# WHAT THE TASK ASKS:
Set the pictures aside and write down, exactly as they appear, the lines from the one containing "Hibiscus Syriacus Diana - Althéa" through the end of the material.

# THE DATA:

***

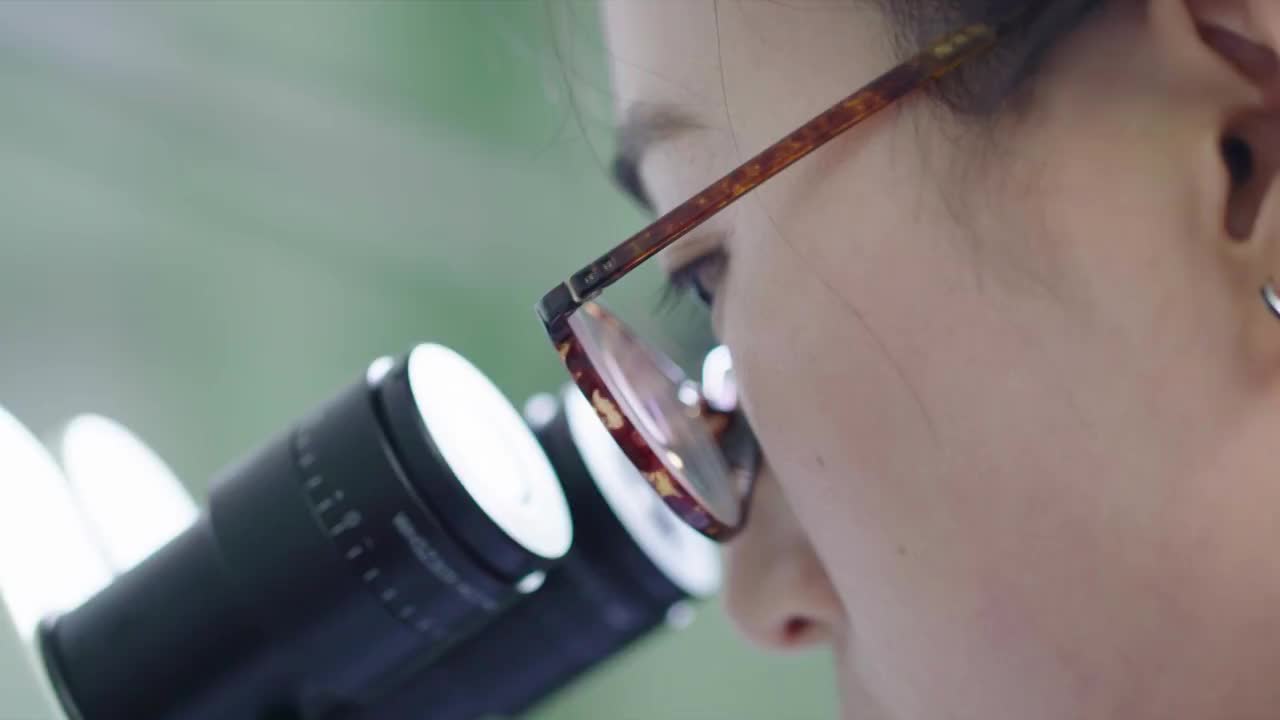 化驗室生物細胞培養實驗視頻素材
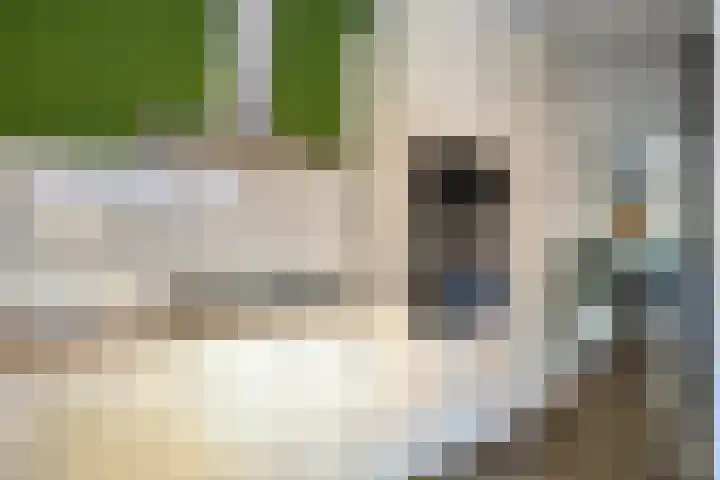 Generaal van Portlandlaan 45 Eindhoven thumbnail 32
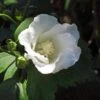 Hibiscus Syriacus Diana - Althéa Blanc -Promesse de fleurs Magasin Hibiscus syriacus Diana 88712 1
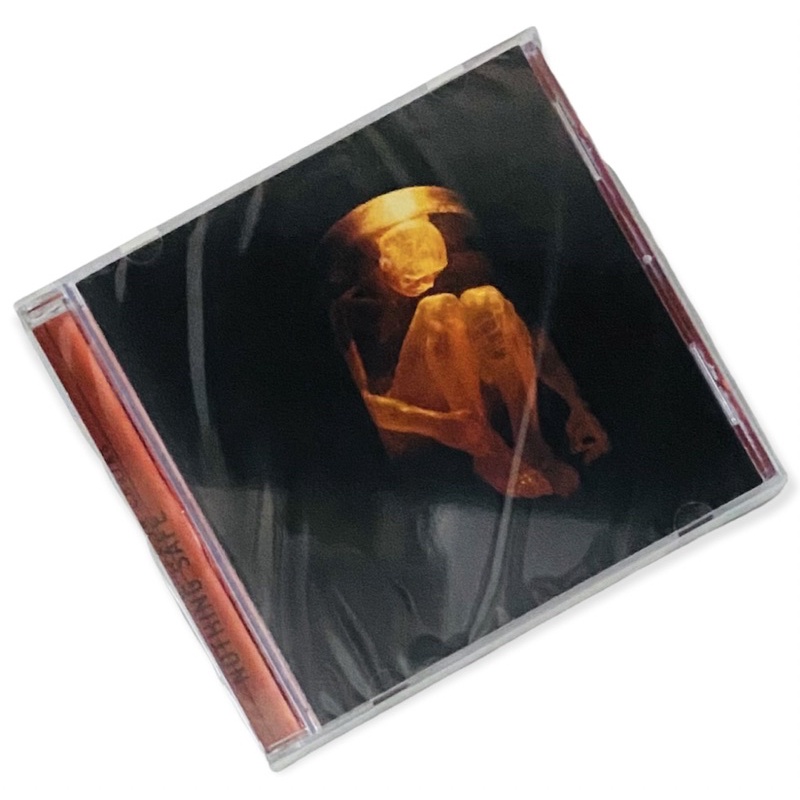 CD IMPORT ORIGINAL - ALICE IN CHAINS Nothing Safe New Amd Sealed ...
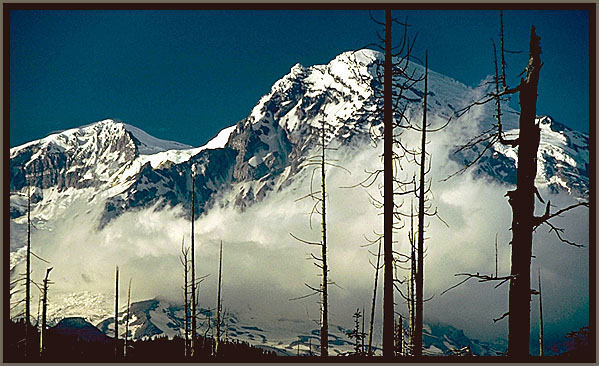 Majestic Mt. Rainier, Washington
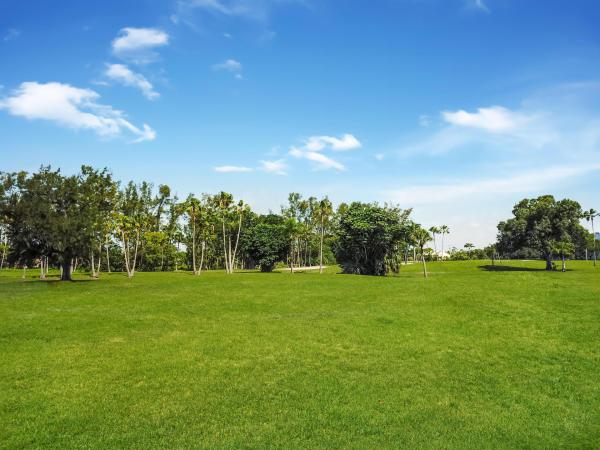 Imperial At Poinciana Place, 3951 Via Poinciana #212, Lake Worth, Florida 33467, image 1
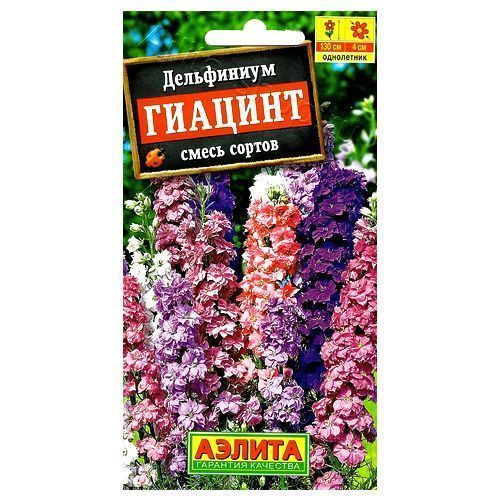 ������ ������ ���������� �������, ����� ������� ������   ����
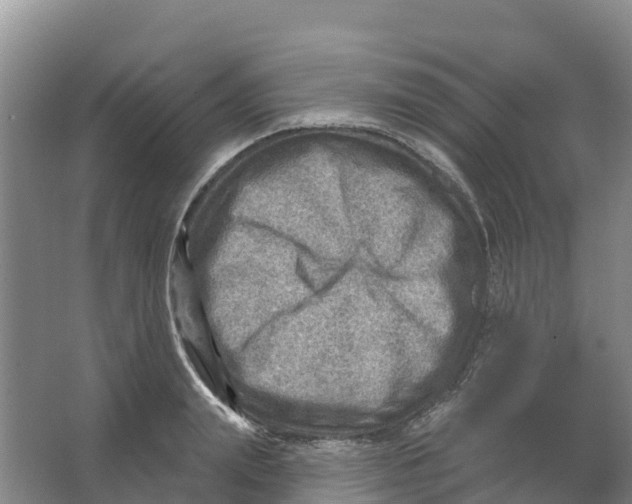 X0000066950847200604142047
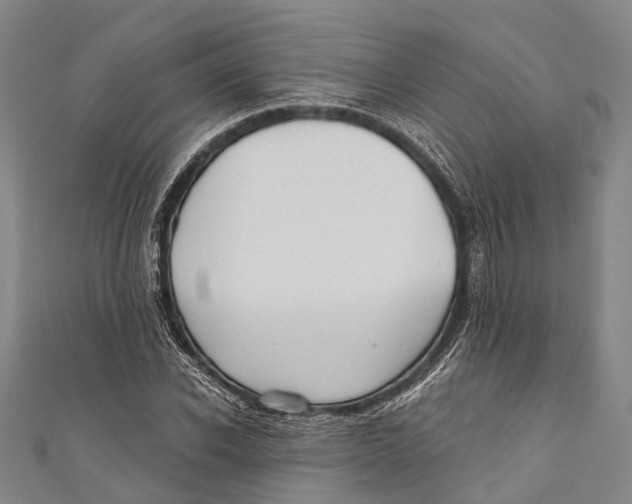 X0000110980926200907101407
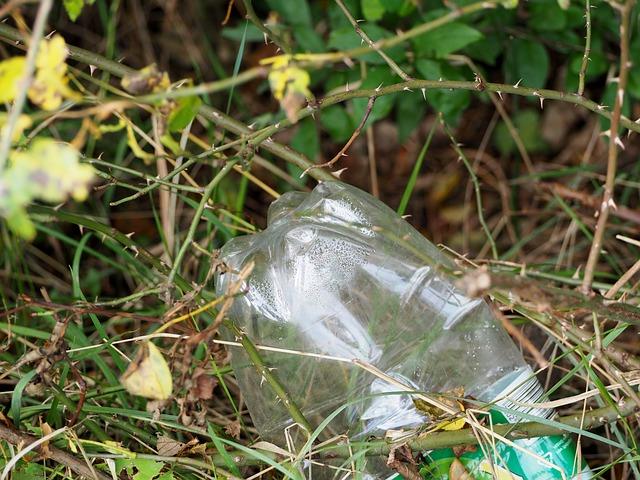 RifiutiInMare_BottigliediPlastica Rifiuti In Mare Bottiglie di Plastica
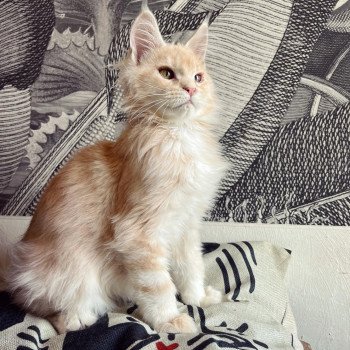 chaton Maine coon red silver blotched tabby Talisco Soul Chatterie Maceo’s Gône’s Maine Coons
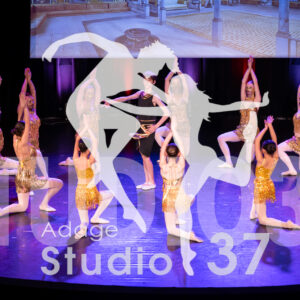 Studio37_Spectacle2024_Jpeg-S_1633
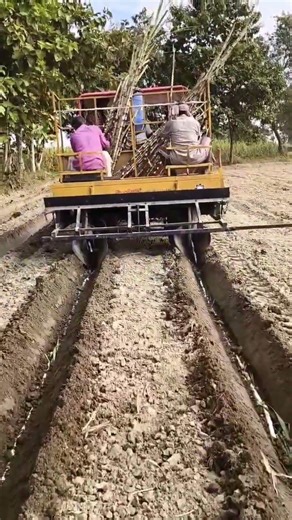 Two row planter Works🚜🚜🌱🌱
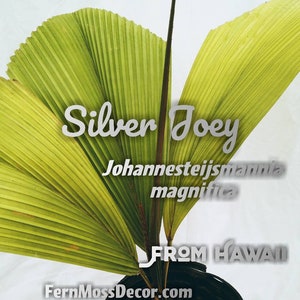 2ft Tall Ultra Rare Silver Joey Johannesteijsmannia - Etsy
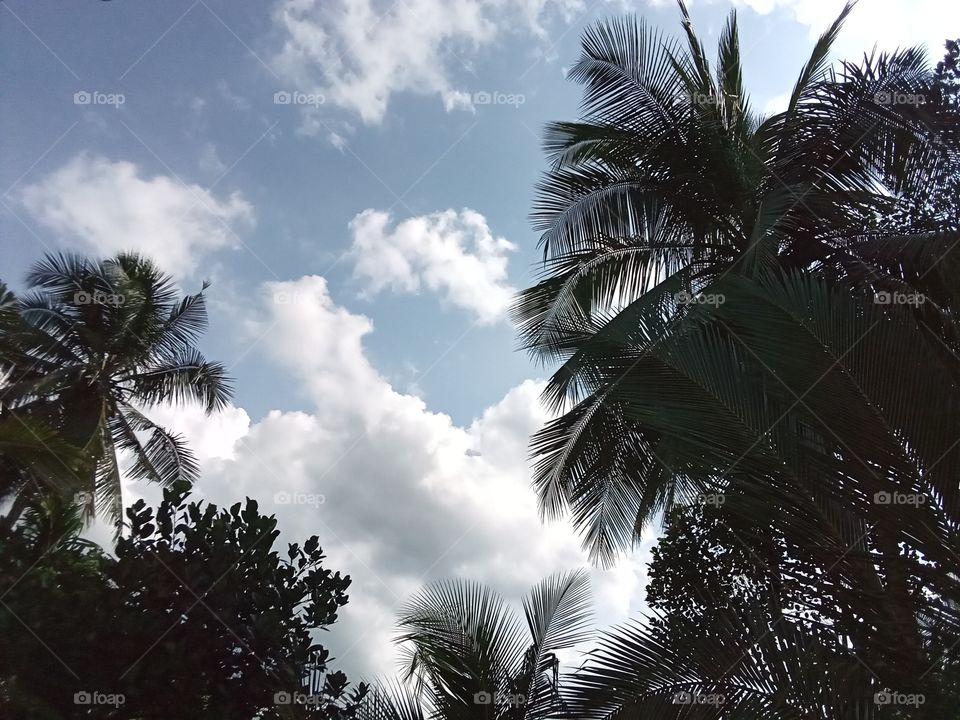 Sky over coconut trees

***

# TASK OUTPUT:
 Hibiscus Syriacus Diana - Althéa Blanc -Promesse de fleurs Magasin Hibiscus syriacus Diana 88712 1
 CD IMPORT ORIGINAL - ALICE IN CHAINS Nothing Safe New Amd Sealed ...
 Majestic Mt. Rainier, Washington
 Imperial At Poinciana Place, 3951 Via Poinciana #212, Lake Worth, Florida 33467, image 1
 ������ ������ ���������� �������, ����� ������� ������   ����
 X0000066950847200604142047
 X0000110980926200907101407
 RifiutiInMare_BottigliediPlastica Rifiuti In Mare Bottiglie di Plastica
 chaton Maine coon red silver blotched tabby Talisco Soul Chatterie Maceo’s Gône’s Maine Coons
 Studio37_Spectacle2024_Jpeg-S_1633
 Two row planter Works🚜🚜🌱🌱
 2ft Tall Ultra Rare Silver Joey Johannesteijsmannia - Etsy
 Sky over coconut trees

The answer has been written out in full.